Exclude all pictures, and reproduce exactly the lines from the one containing "Design Your Own" through the end of the records, with nothing else added.

[Extracted entries Boundary: Start]

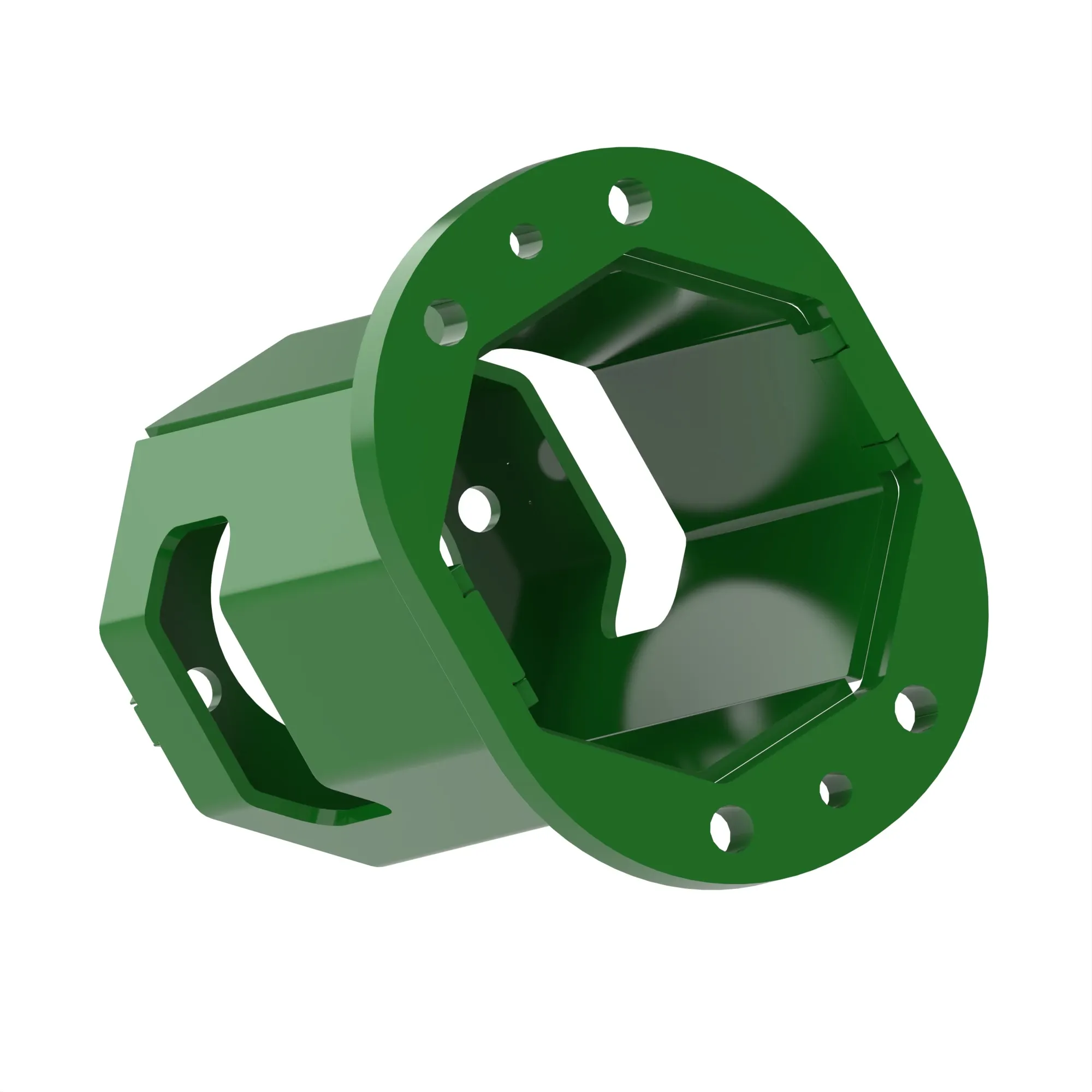 John Deere Motor Assembly Housing - AXT10902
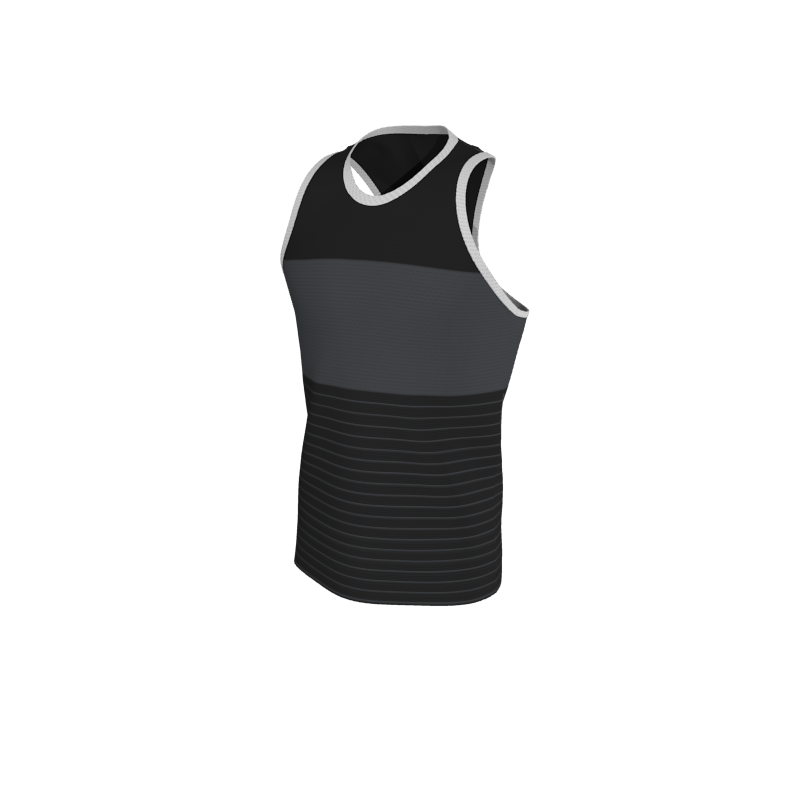 Design Your Own Running Apparel 4.11 Mens Active Singlet. (x 5)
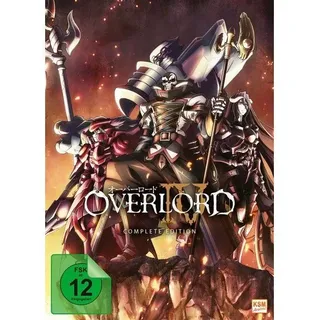 DVD Overlord - Complete Edition - Staffel 4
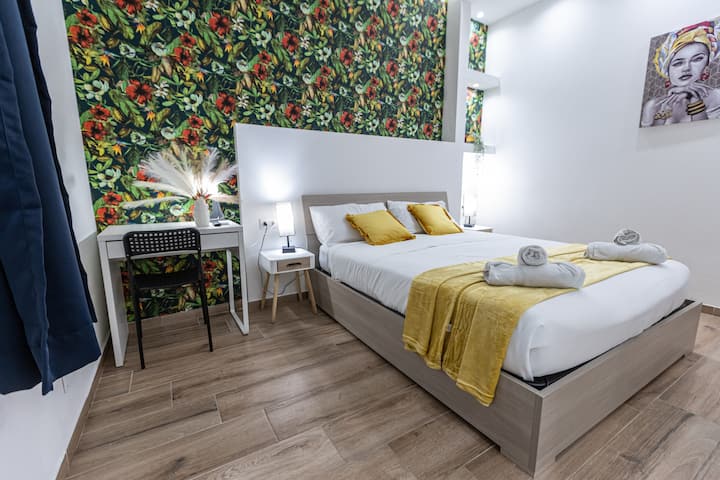 Al Castello Independent House-house Catania Center - Sicilia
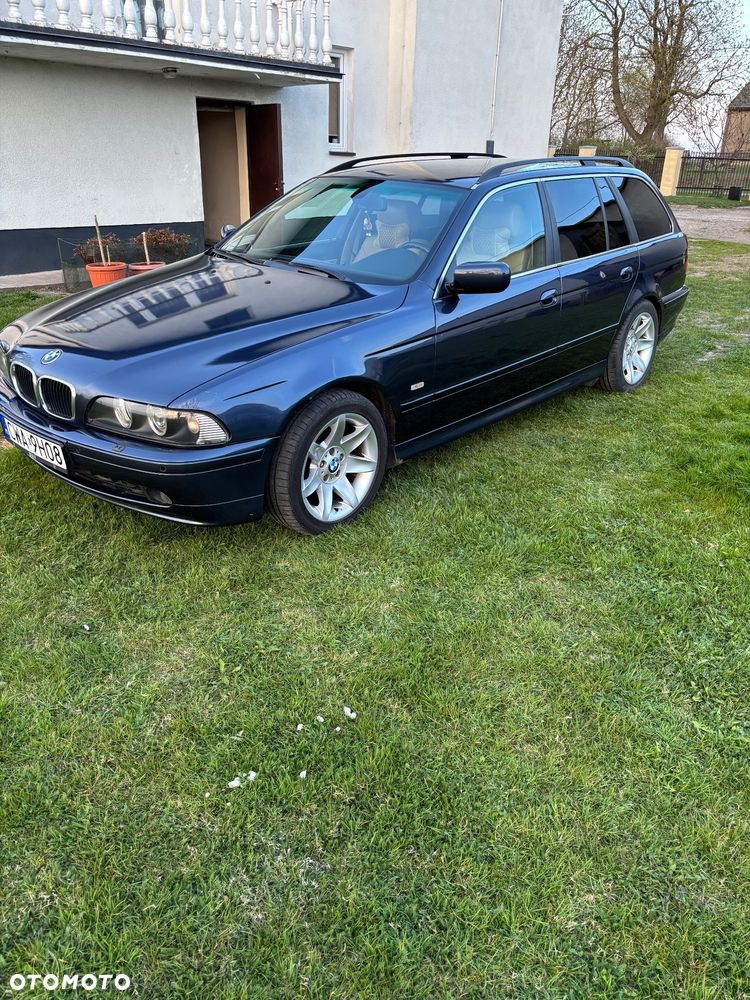 BMW Seria 5 - 1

[Extracted entries Boundary: End]

Exercise answer:
 Design Your Own Running Apparel 4.11 Mens Active Singlet. (x 5)
 DVD Overlord - Complete Edition - Staffel 4
 Al Castello Independent House-house Catania Center - Sicilia
 BMW Seria 5 - 1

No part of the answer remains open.